• **What needs to be done**
Return only those lines of the records below in which "Pants" appears.
(Records supplied)
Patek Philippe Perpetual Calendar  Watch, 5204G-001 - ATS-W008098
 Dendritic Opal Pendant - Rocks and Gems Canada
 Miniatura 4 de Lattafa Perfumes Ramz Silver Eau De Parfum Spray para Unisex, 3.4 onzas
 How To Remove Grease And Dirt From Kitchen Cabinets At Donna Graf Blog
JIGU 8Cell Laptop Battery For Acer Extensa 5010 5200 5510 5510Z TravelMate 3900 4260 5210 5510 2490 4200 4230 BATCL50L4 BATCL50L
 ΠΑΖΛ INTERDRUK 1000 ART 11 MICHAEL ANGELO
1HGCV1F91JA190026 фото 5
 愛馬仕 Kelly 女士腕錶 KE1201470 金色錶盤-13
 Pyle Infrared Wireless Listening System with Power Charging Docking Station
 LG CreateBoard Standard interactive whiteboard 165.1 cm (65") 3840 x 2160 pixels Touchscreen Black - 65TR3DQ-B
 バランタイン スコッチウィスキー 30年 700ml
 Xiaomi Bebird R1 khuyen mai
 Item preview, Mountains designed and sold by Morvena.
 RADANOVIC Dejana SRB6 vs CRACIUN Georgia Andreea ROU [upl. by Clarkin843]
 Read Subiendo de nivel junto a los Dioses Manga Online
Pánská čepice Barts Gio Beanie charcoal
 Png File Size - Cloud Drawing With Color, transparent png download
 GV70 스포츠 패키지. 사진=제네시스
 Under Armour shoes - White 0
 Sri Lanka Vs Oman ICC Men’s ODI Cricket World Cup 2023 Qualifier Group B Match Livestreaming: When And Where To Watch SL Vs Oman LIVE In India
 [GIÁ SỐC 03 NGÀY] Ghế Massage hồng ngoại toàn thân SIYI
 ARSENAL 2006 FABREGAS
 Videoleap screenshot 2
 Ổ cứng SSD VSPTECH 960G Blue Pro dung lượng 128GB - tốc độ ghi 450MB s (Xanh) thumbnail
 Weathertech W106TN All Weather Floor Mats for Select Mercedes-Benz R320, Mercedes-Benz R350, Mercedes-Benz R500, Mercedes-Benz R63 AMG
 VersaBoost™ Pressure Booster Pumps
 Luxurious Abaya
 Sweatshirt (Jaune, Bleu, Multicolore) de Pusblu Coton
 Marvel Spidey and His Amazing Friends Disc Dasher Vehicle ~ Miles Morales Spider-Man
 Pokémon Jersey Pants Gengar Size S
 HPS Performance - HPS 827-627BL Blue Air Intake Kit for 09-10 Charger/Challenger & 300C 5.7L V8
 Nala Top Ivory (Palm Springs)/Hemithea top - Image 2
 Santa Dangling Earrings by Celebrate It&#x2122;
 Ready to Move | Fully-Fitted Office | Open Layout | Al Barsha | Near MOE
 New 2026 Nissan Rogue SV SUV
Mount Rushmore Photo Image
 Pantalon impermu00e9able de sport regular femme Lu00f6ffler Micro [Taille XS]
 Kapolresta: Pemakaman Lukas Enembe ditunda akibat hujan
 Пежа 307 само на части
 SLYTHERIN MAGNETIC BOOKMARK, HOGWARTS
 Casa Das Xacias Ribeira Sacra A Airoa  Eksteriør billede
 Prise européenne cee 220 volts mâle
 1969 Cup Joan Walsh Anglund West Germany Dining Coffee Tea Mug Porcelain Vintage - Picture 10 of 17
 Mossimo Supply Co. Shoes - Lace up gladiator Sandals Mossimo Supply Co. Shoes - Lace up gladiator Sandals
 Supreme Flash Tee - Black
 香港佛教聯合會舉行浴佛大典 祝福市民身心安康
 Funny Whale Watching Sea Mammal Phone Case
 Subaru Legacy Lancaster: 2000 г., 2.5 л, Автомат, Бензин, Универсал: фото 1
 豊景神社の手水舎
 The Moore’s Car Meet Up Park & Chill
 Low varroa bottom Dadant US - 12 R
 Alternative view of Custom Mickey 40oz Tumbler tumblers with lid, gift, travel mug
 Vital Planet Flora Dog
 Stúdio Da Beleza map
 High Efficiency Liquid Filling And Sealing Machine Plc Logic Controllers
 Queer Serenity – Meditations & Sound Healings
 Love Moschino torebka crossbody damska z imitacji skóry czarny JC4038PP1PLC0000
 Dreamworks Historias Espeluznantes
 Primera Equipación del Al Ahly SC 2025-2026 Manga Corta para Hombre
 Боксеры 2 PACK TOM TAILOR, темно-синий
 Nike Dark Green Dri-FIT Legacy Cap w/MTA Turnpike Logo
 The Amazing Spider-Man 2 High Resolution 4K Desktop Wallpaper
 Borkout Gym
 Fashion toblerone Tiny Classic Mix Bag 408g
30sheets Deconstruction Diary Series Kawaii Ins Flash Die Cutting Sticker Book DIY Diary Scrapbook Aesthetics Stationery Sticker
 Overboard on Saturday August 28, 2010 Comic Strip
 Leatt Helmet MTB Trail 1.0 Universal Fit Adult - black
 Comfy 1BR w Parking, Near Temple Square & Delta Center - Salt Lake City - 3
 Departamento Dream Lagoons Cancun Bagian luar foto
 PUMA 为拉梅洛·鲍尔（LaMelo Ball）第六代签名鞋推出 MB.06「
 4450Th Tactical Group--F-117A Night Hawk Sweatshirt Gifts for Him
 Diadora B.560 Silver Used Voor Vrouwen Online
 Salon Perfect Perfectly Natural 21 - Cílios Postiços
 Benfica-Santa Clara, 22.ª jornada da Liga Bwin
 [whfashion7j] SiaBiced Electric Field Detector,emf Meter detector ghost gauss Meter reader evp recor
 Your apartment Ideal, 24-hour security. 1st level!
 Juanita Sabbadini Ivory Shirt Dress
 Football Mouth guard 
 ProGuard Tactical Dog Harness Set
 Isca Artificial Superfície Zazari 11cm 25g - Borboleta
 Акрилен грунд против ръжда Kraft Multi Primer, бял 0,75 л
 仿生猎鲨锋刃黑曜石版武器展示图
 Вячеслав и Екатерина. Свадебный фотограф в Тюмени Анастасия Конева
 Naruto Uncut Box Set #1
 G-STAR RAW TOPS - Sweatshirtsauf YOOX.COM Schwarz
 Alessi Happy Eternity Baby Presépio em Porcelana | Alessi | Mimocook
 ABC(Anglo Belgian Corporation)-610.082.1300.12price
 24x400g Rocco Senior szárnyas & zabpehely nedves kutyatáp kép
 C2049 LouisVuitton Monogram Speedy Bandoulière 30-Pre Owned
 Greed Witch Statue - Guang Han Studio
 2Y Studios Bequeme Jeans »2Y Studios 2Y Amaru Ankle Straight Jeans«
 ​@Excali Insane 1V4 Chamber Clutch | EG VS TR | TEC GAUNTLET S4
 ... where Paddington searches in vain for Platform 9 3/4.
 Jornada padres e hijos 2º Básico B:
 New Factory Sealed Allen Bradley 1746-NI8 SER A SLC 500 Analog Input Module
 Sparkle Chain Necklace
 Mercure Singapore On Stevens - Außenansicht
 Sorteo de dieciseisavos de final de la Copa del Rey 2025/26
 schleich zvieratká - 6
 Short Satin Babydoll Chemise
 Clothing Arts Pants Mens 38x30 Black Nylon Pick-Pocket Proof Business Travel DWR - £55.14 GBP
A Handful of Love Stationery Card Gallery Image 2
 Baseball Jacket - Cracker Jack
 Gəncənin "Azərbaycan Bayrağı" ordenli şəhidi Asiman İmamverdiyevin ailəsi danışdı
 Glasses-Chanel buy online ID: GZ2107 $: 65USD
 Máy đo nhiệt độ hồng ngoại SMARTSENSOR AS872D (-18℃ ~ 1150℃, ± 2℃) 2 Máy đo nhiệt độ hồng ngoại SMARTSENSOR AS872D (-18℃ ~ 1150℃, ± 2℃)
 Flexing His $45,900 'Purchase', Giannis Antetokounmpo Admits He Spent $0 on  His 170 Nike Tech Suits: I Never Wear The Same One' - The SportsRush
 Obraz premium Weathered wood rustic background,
(End Records supplied)
• **Finished task**
 Pokémon Jersey Pants Gengar Size S
 Clothing Arts Pants Mens 38x30 Black Nylon Pick-Pocket Proof Business Travel DWR - £55.14 GBP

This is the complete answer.